And so, one day there was a call from eastern Oregon, saying that they needed farm laborers, because all the men from eastern Oregon were in the service. They needed help with their onion and sugar beet crop. And so my oldest brother left the camp to see what the situation was like. And so he came back and he thought that it was better than staying there, so we packed up again and rode the train – it was at midnight, I remember that, and we were all crammed into this train and it was midnight, I'm sure.


But there was a sentry, a guard, with a gun, stationed right in our train and he had to make sure that – well, of course, we had to pull the shades down, it was night time anyhow. But I don't know how long it took, it must have taken at least three or four hours to get there. And we got off and I can't quite remember how we got from Ontario to Nyssa, but that's when we went to the camp, to the tent camp.

MD: So Oregon came up with its own program. Rather than sending people to the actual internment camps – Minidoka and the one in Colorado – to use folks for emergency farm labor.

AF: Right.

MD: And so it was kind of a unique program. And so you guys were paid and they provided housing, such as it was. And so you guys actually kind of got away from having to go to the actual internment camps. And this was better in ways?
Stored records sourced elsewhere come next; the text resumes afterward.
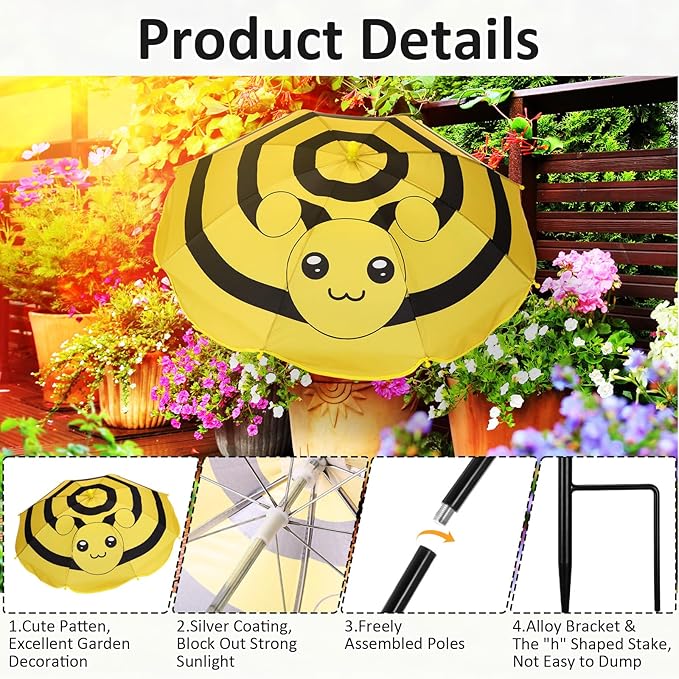 24. 5 Inch Plant Umbrellas for Outdoor Plants Garden Umbrella Shade for Potted Plant, Garden Bed Flower Pot Provide Shade to ‌defend Blazing Sun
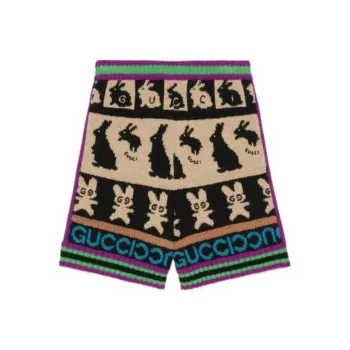 GUCCI Bunny Knitted Shorts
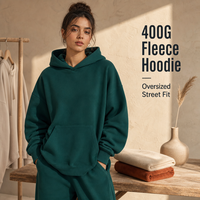 Sweat à capuche graphique surdimensionné pour homme, 400 g/m², style tendance, anti-boulochage, épaissi pour le streetwear, personnalisable avec LOGO, modèle pull-over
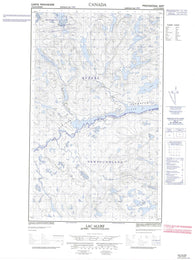 013D12W Lac Alliez Canadian topographic map, 1:50,000 scale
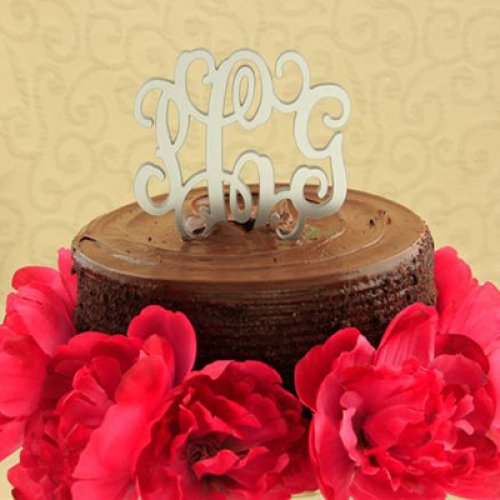 Acrylic Monogram Cake Topper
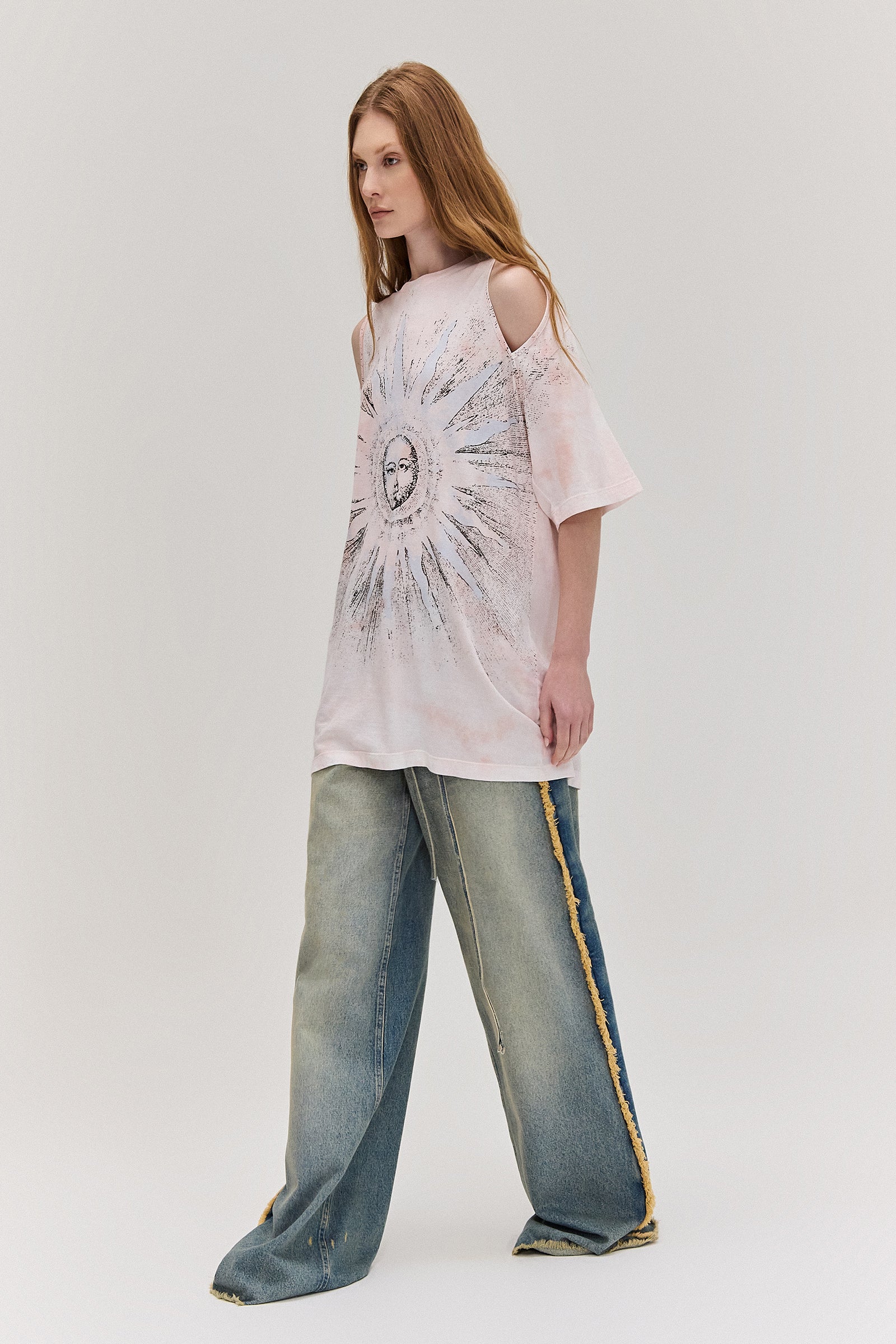 CAMISETA OVERSIZED RECORTES OMBROS SOL TIE DYE – TIG STORE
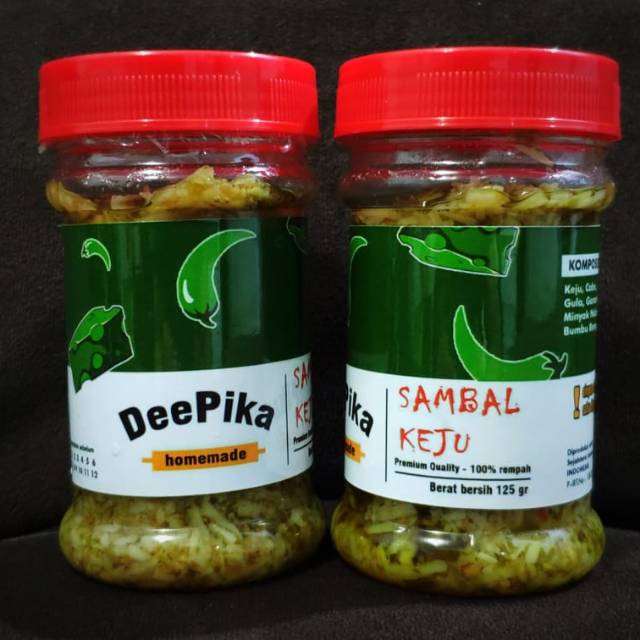 

Sambal Keju DeePika 125 gram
AF: Well, yes. We had a little more freedom, but we lived differently than people that went to the internment camps. They at least had barracks, right? When we arrived finally in Nyssa, we were issued tents, the big tents, and there must have been about a hundred tents all in rows. We were assigned four tents and they had FSA written in big letters on the side and that stood for Farms Security Administration. There was a director there and another bookkeeper or something, plus a big building built for meetings and things, I remember that. But we were on the edge of one of the areas – it was a big area – but our tents were not in the middle of the section, it was on the end. So on the ends of it were the two outhouses, I remember that. So we didn't have to go far to go to the outhouses. But, you know, there was no indoor plumbing. We had showers but it was a communal shower.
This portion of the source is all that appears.